=== DATA RECORDS ===
[Start of section]
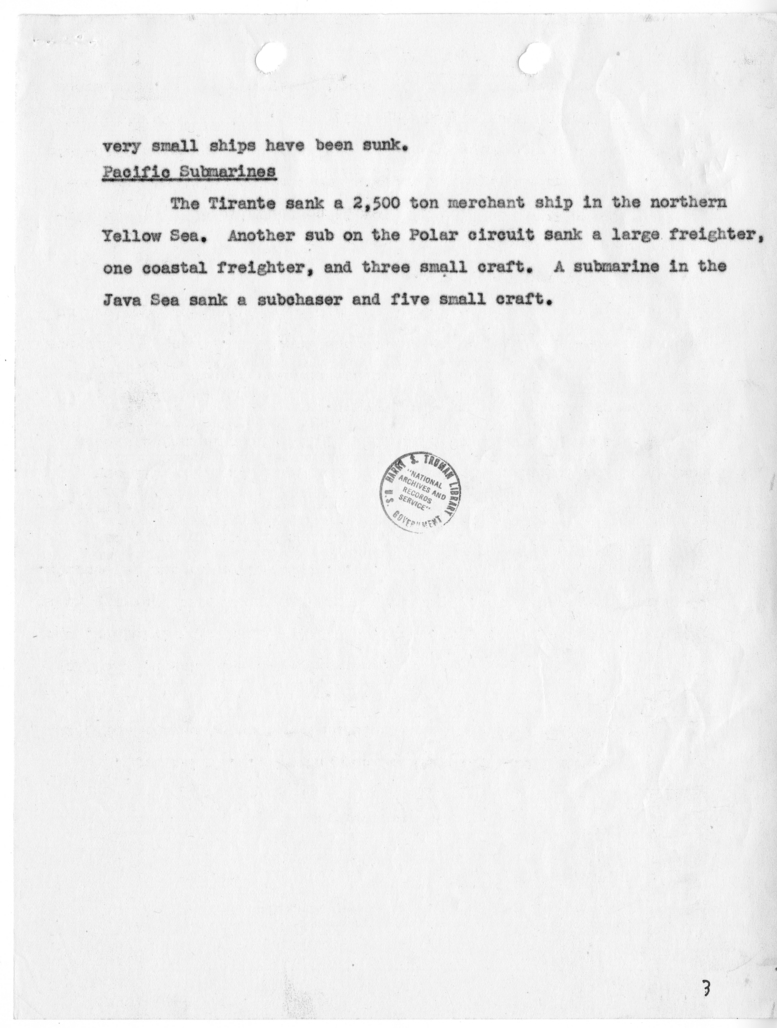 Telegram from the Map Room to Captain James K. Vardaman [NR 66]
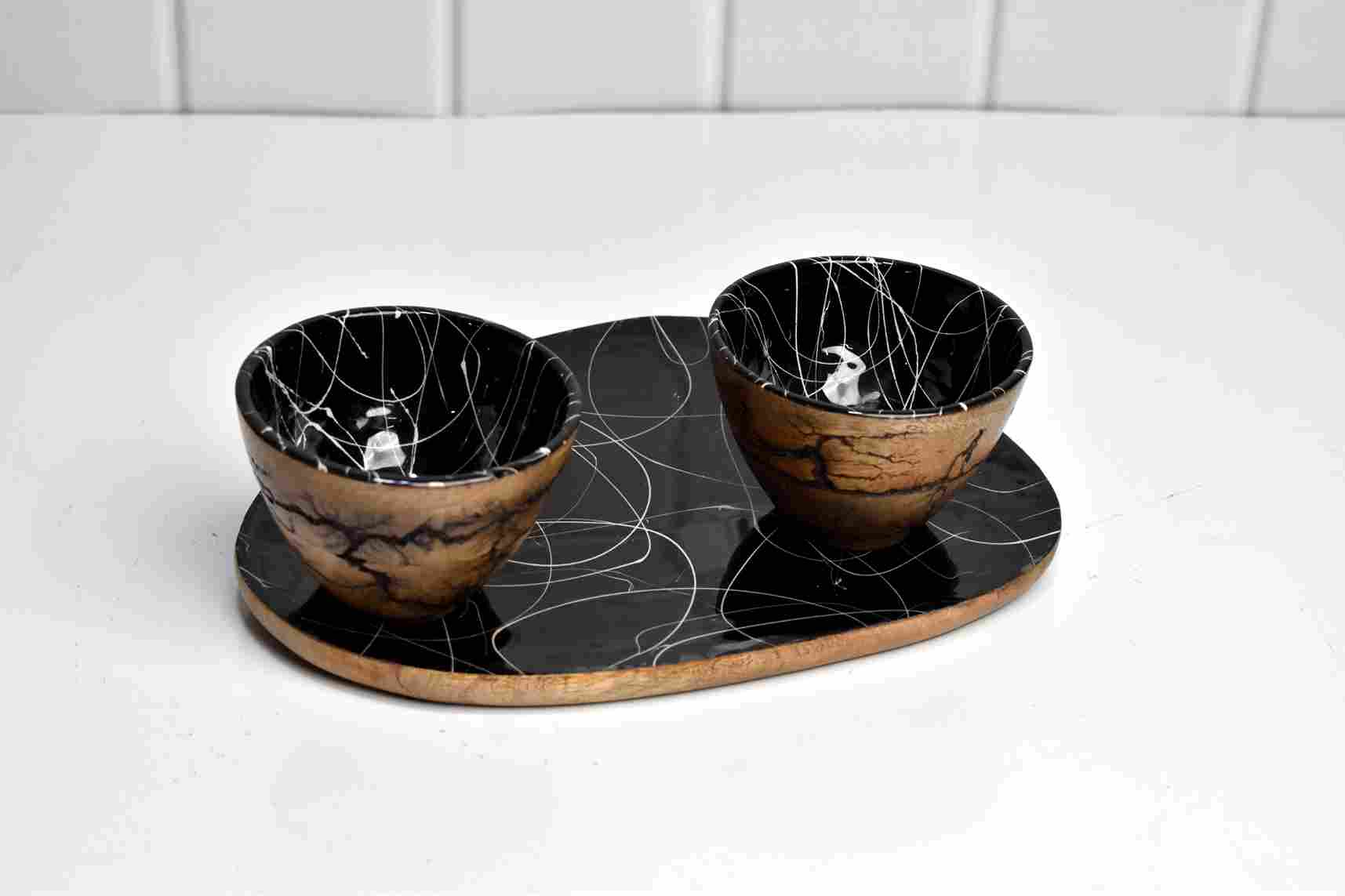 Mango Wood Fractal Burn Bowls & Platter for Soup & Snacks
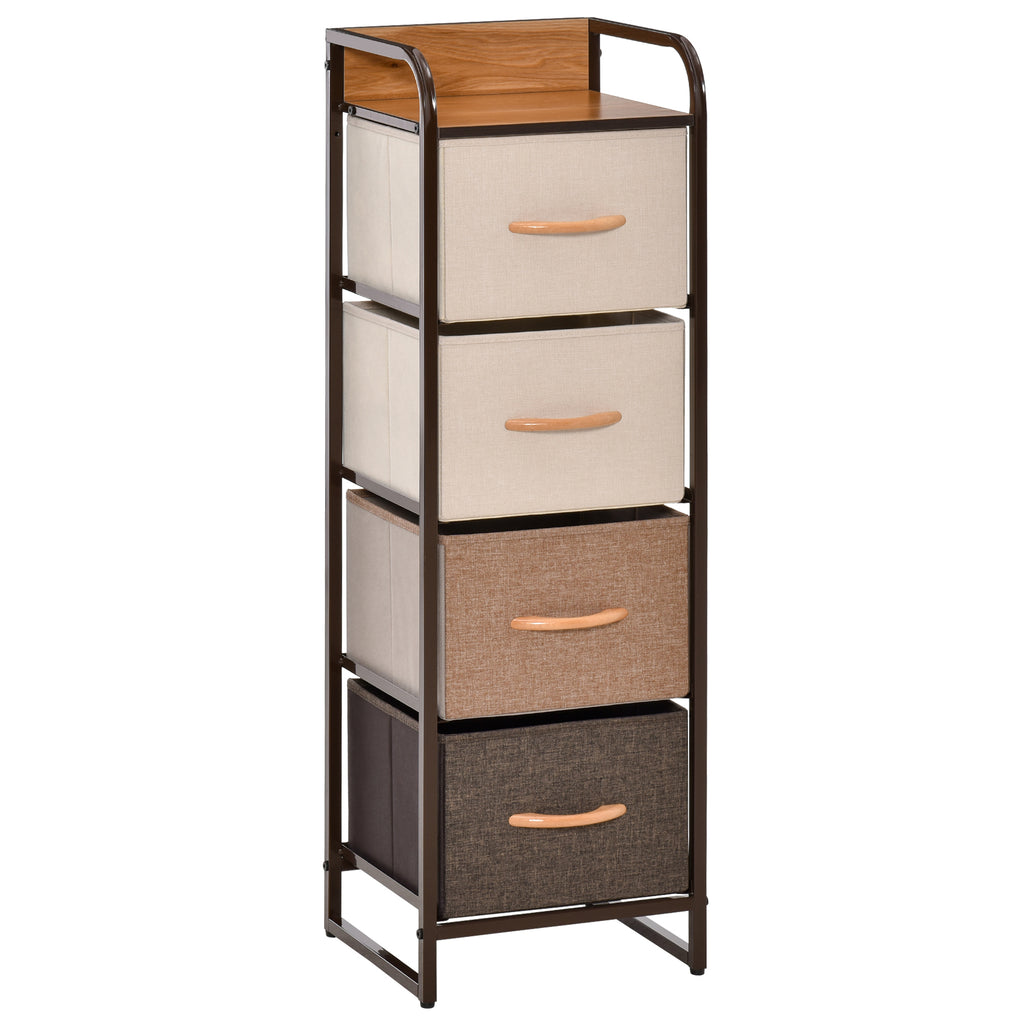 Commode chiffonnier 5 tiroirs meuble de rangement tiroir en tissu pliant - structure acier noir - 45 x 30 x 116 cm-0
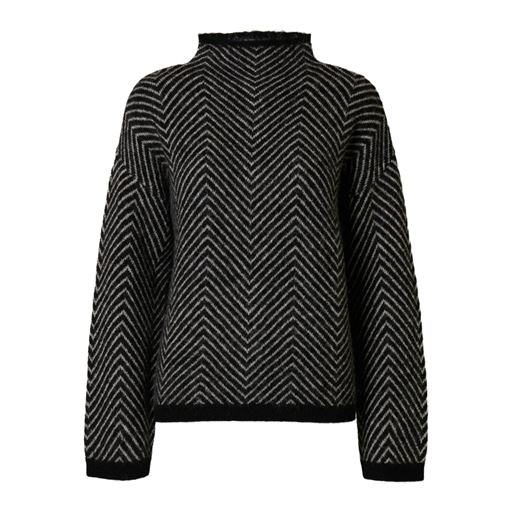 Selected Femme Lulu Herringbone Striktrøje, Black, S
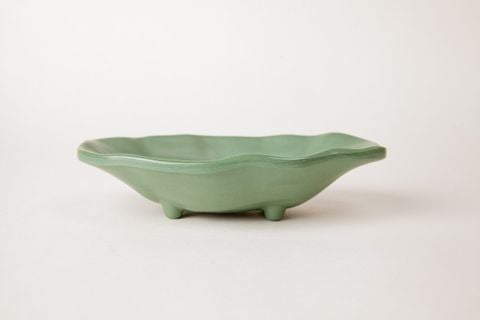 Dĩa Melamine Oval Có Chân DOV106N Nhám Xanh Lá - 16,8 x 10,3 x 4,2cm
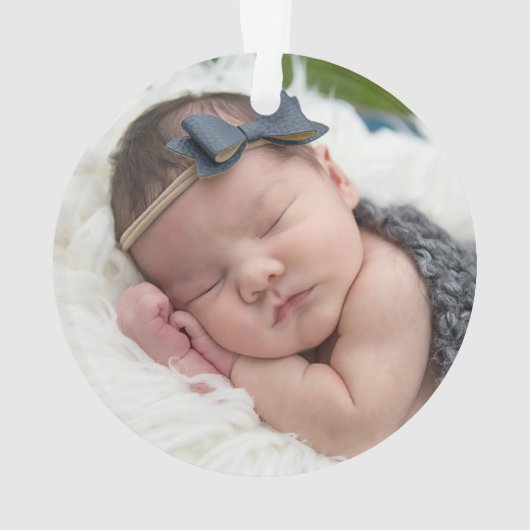 クリスマスホリデーリース初めてのクリスマス写真 オーナメント (裏面)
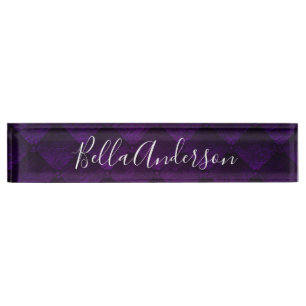 Royal Purple Quilted Elegant Chic Modern Trendy Nameplate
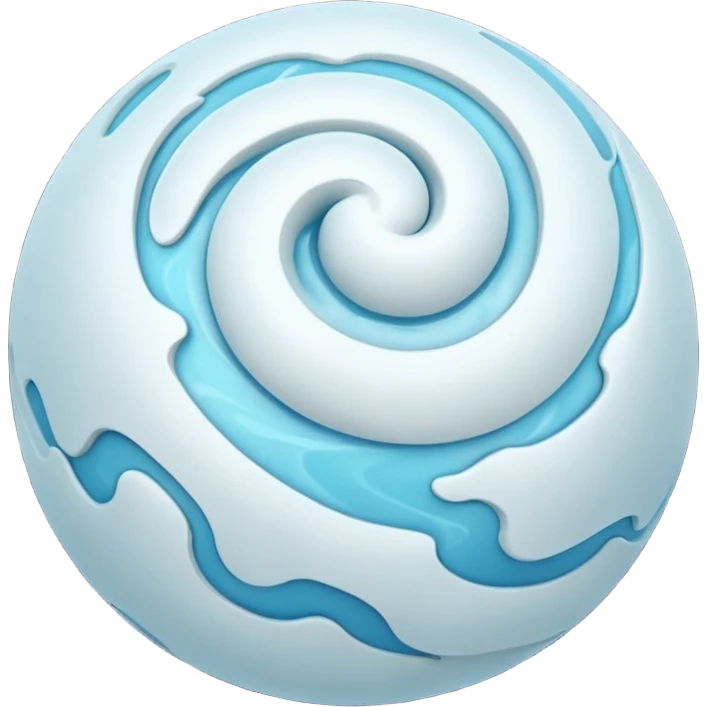 sphere globe planet, surface covered with white gas emoji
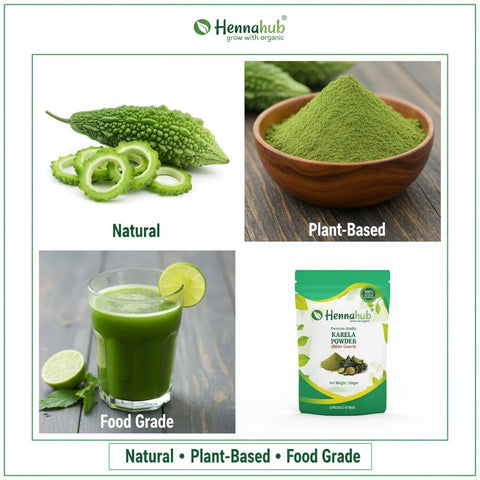 Hennahub Karela Powder (Food Grade) 100gm Pack | 100% Natural Bitter Gourd Powder | Plant-Based Ingredient for Smoothies & Herbal Drinks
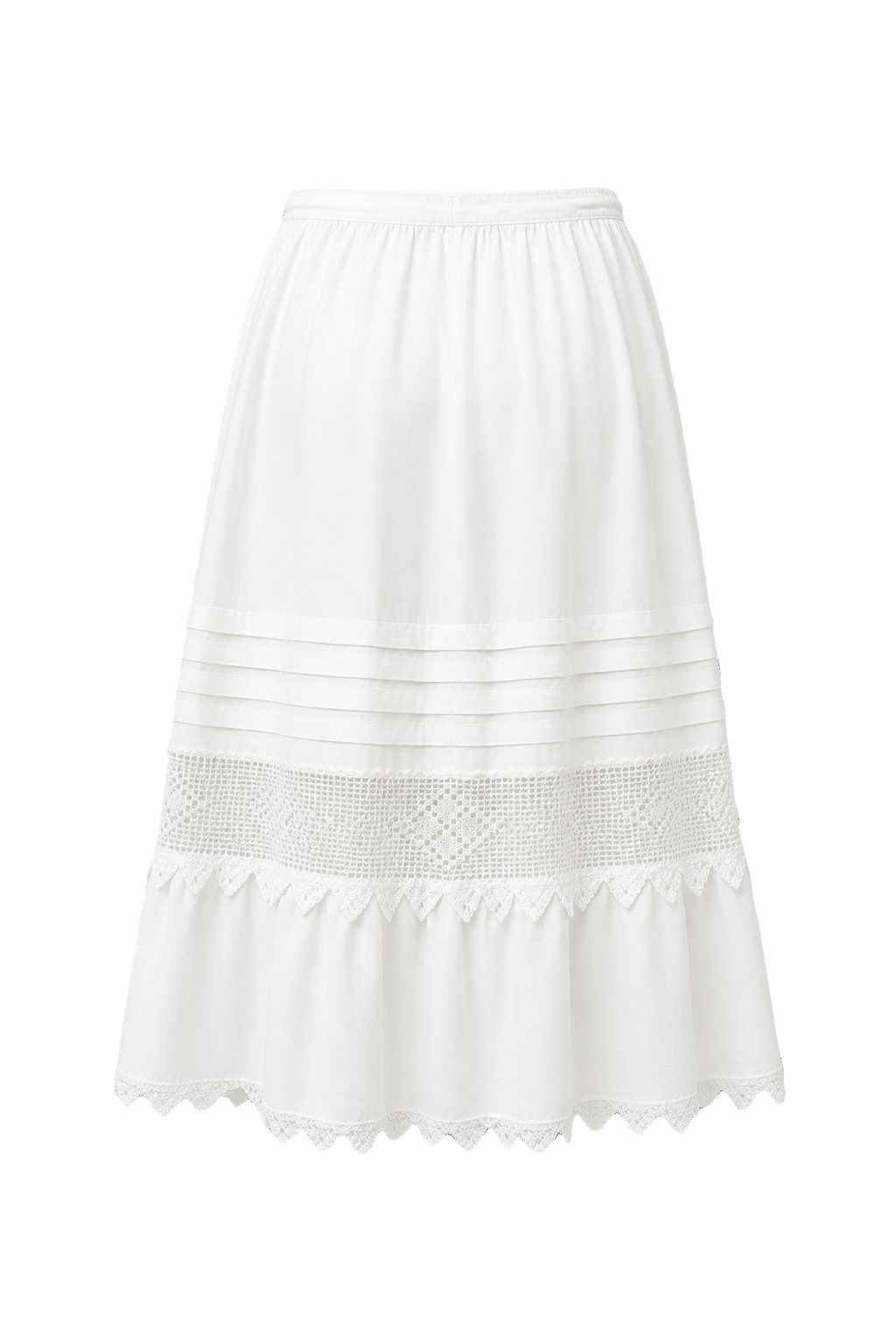 1950s Cream White Cotton Skirt - Back View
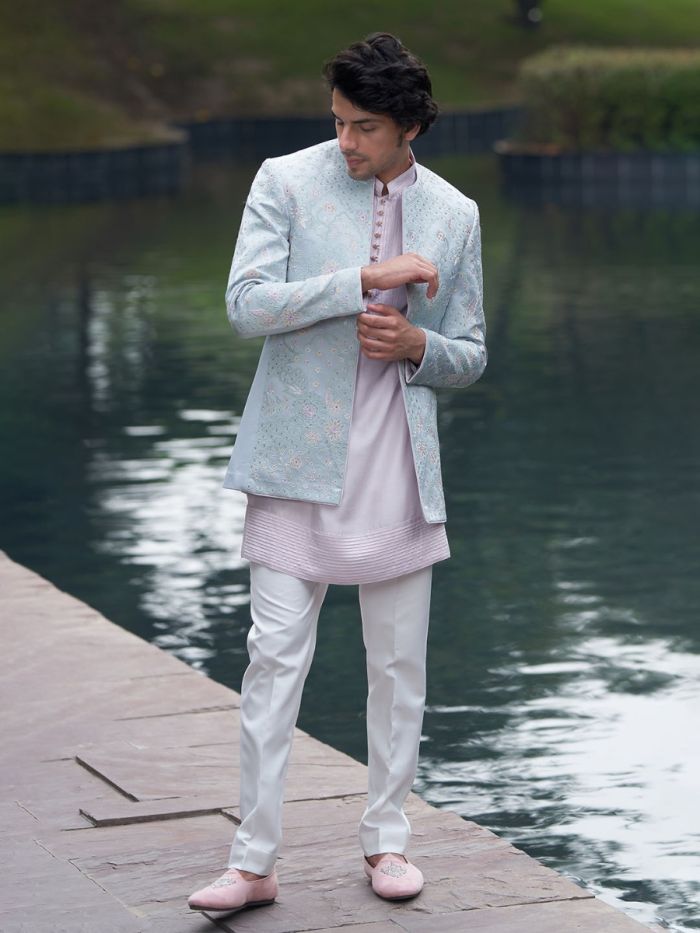 Powder Pink And Pastel Blue Indo Western Wear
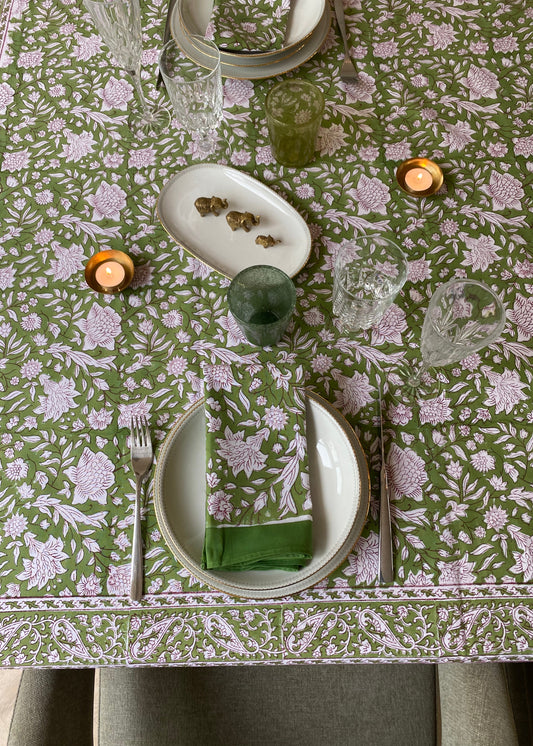 Tafelkleed handbestempeld green floral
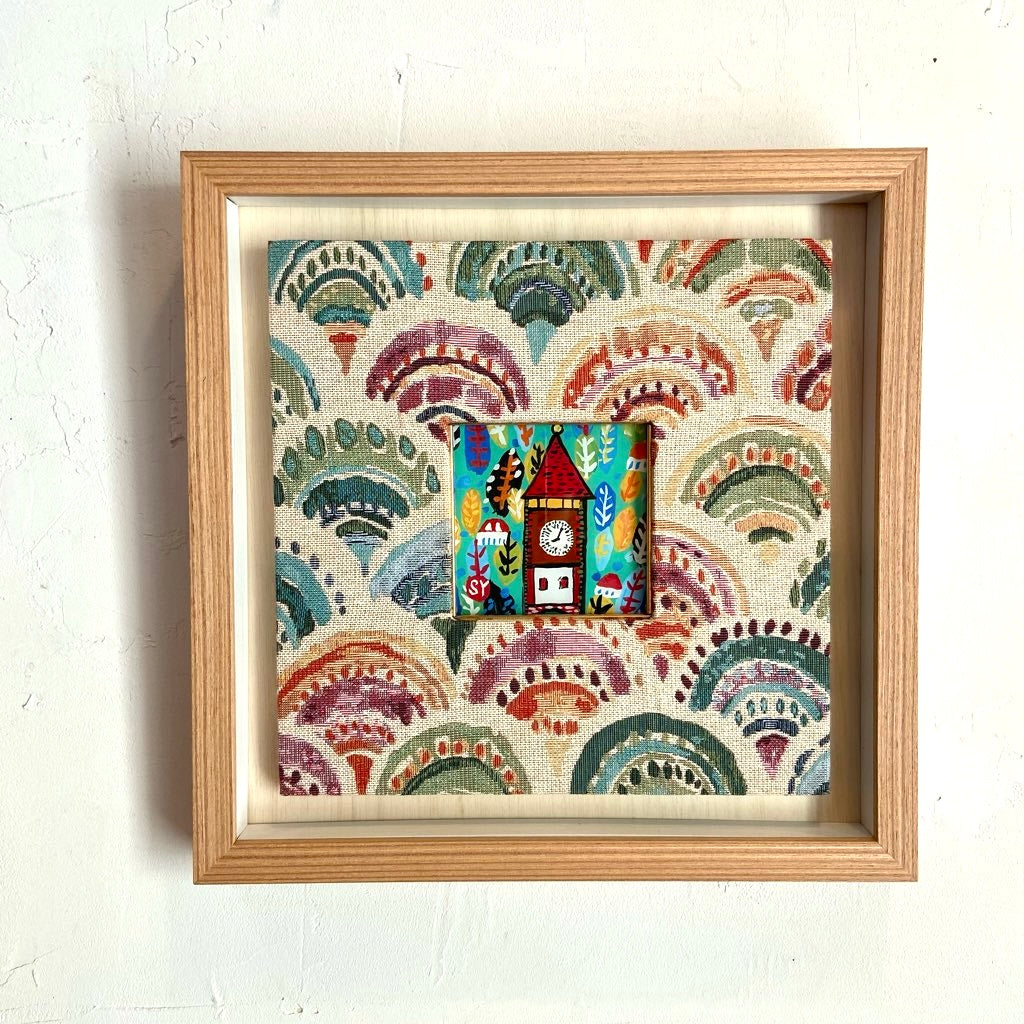 柚木沙弥郎「時計台の森」ガラス絵 肉筆 直筆サイン入 共シール 民藝 人気染色家 柚木沙弥郎「時計台の森」ガラス絵 肉筆 直筆サイン入 共シール 民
[End of section]
=== ABOUT THIS TASK ===
Reproduce word for word, with pictures dropped, only the part of the material above that opens with the line containing "Dĩa Melamine Oval" and closes with the line containing "sphere globe planet, surface".

=== EXERCISE OUTPUT ===
 Dĩa Melamine Oval Có Chân DOV106N Nhám Xanh Lá - 16,8 x 10,3 x 4,2cm
 クリスマスホリデーリース初めてのクリスマス写真 オーナメント (裏面)
 Royal Purple Quilted Elegant Chic Modern Trendy Nameplate
 sphere globe planet, surface covered with white gas emoji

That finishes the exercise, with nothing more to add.